▶ _PROBLEM_:
Your reply is to be the lines below, exactly as written, with images omitted.
··· GIVEN RECORDS
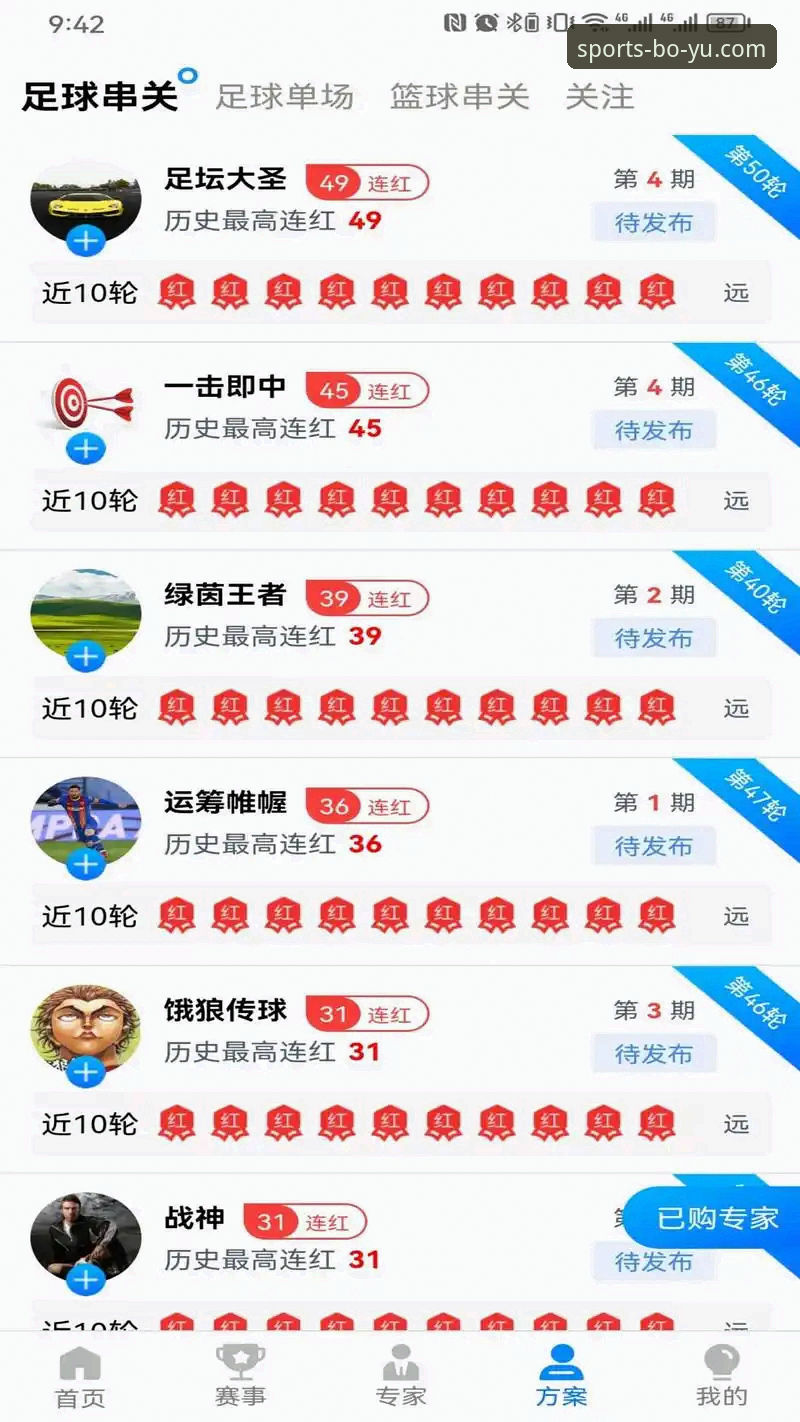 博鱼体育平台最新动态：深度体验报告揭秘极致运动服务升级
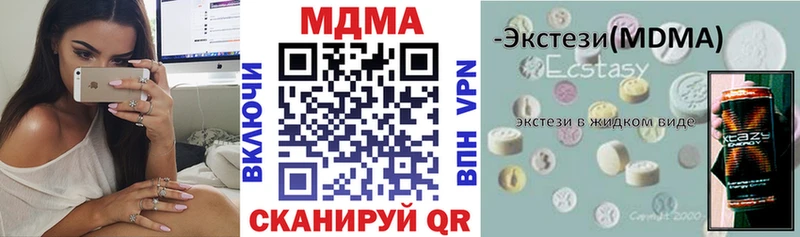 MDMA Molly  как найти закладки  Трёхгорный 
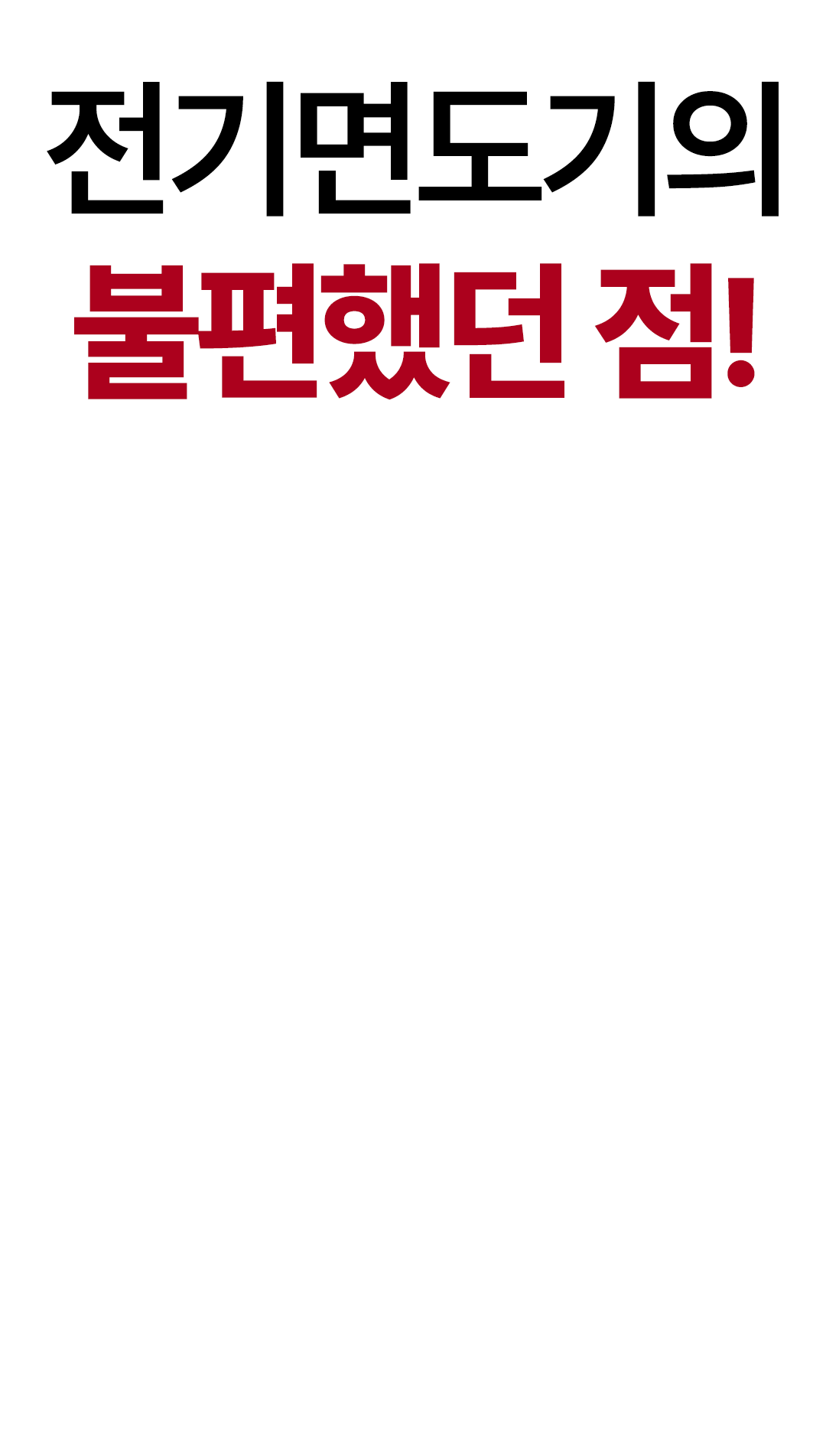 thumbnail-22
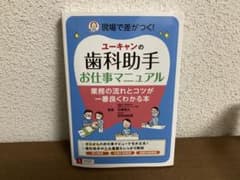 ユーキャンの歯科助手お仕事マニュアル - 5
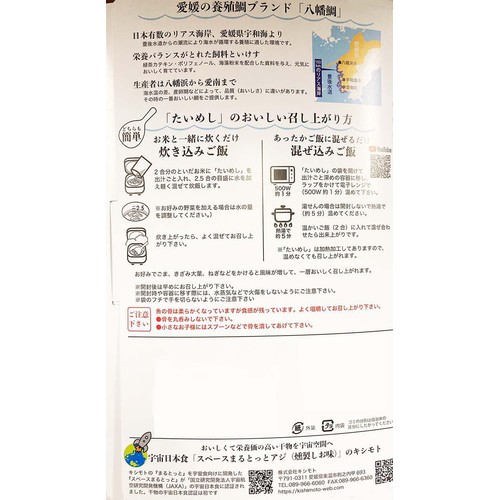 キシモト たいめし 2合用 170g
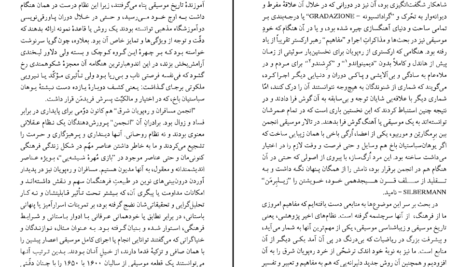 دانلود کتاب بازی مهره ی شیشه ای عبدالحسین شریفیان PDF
······
▶ _ANSWER SECTION_:
 博鱼体育平台最新动态：深度体验报告揭秘极致运动服务升级
 MDMA Molly  как найти закладки  Трёхгорный 
 thumbnail-22
 ユーキャンの歯科助手お仕事マニュアル - 5
 キシモト たいめし 2合用 170g
 دانلود کتاب بازی مهره ی شیشه ای عبدالحسین شریفیان PDF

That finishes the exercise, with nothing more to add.